# Hyper-parameter tuning part 2:
## Classify two of "20 newsgroups"
### Tuning the vectorizer and classifier with a pipeline


#### Created by John Burt

Based on example code [from Scikit-learn documentation](http://scikit-learn.org/stable/auto_examples/model_selection/grid_search_text_feature_extraction.html#sphx-glr-auto-examples-model-selection-grid-search-text-feature-extraction-py) 

In this example, I implement a classifier to estimate whether a comment is from one of two selected newsgroups, "alt.atheism" or "talk.religion.misc". Unlike in the first example, however, I also tune the transformation of words to vectors via TfidfVectorizer. 

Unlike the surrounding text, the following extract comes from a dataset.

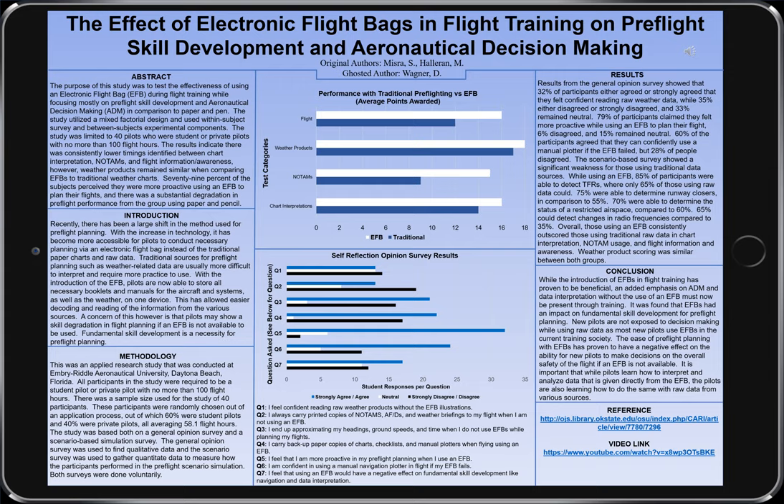Hello, my name is Dylan Wagner. I will be presenting on the effects of electronic flight bags in flight training on pre-flight skill development and aeronautical decision making. This poster is based on a research study conducted through Embry-Riddle Aeronautical University in Daytona Beach, Florida.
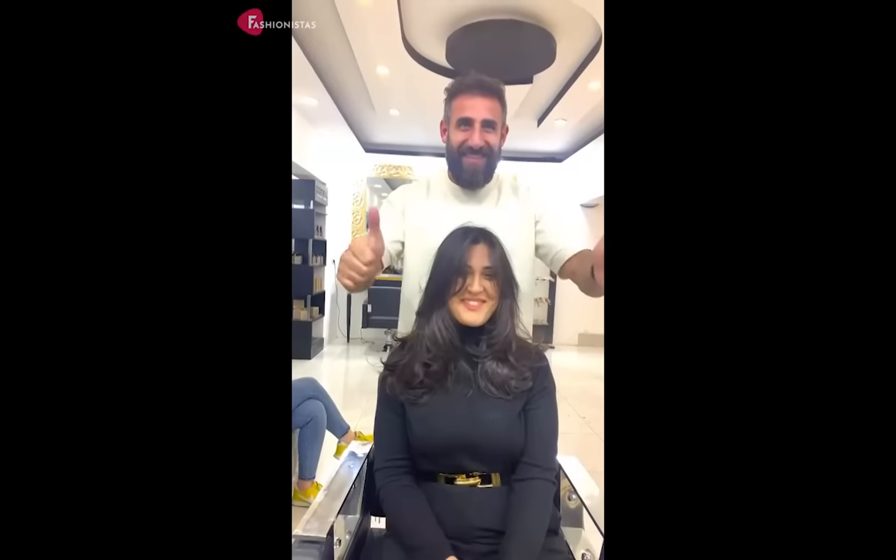Hi and welcome to Fashionistas, the ultimate destination for hairstyle inspiration. Are you tired of endlessly scrolling through Pinterest and Instagram trying to find the perfect haircut for your round face? Look no further. In this video, we've got you covered with 10 hairstyles that are perfect for round faces. When it comes to haircuts for round faces, the goal is to create a sense of length and angles to balance out the shape.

#### General classifier procedure:
- vectorize the text content into features using TfidfVectorizer
- train a stochastic gradient descent classifier (SGDClassifier) to classify text as one of the given newsgroup categories.

#### Hyperparameter tuning procedure:
- Create a pipeline object that contains the two stages of the training procedure: TfidfVectorizer and SGDClassifier
- Use a grid search to find the TfidfVectorizer and SGDClassifier parameters that give best accuracy.


### About the 20 Newsgroups text dataset:
The [20 newsgroups dataset](http://scikit-learn.org/stable/datasets/twenty_newsgroups.html#newsgroups) is easily accessible from the scikit-learn module. It comprises around 18000 newsgroups posts on 20 topics split in two subsets: one for training (or development) and the other one for testing (or for performance evaluation). The split between the train and test set is based upon a messages posted before and after a specific date.

The 20 newsgroup names are:
- alt.atheism, comp.graphics, comp.os.ms-windows.misc, comp.sys.ibm.pc.hardware, comp.sys.mac.hardware, comp.windows.x, misc.forsale, rec.autos, rec.motorcycles, rec.sport.baseball, rec.sport.hockey, sci.crypt, sci.electronics, sci.med, sci.space, soc.religion.christian, talk.politics.guns, talk.politics.mideast, talk.politics.misc, talk.religion.misc

In [1]:
# remove warnings
import warnings
warnings.filterwarnings('ignore')
# ---

# set matplotlib environment and import some basics
%matplotlib inline
from matplotlib import pyplot as plt
import matplotlib
matplotlib.style.use('ggplot')
import numpy as np
import pandas as pd
pd.options.display.max_columns = 100
pd.options.display.max_rows = 100
pd.options.display.max_colwidth = 100 # set to -1 to see entire text

# import the scikit modules to be used
from sklearn.datasets import fetch_20newsgroups

# specify some categories from the training set
# categories = [
#     'alt.atheism',
#     'talk.religion.misc',
# ]
# categories = [
#     'rec.sport.baseball',
#     'rec.sport.hockey',
# ]
# specify some categories from the training set
categories = [
    'alt.atheism',
    'talk.religion.misc',
]
# Uncomment the following to do the analysis on all the categories
#categories = None

print("Loading 20 newsgroups dataset for categories:")
print(categories)

# load the training dataset
data = fetch_20newsgroups(subset='train', categories=categories)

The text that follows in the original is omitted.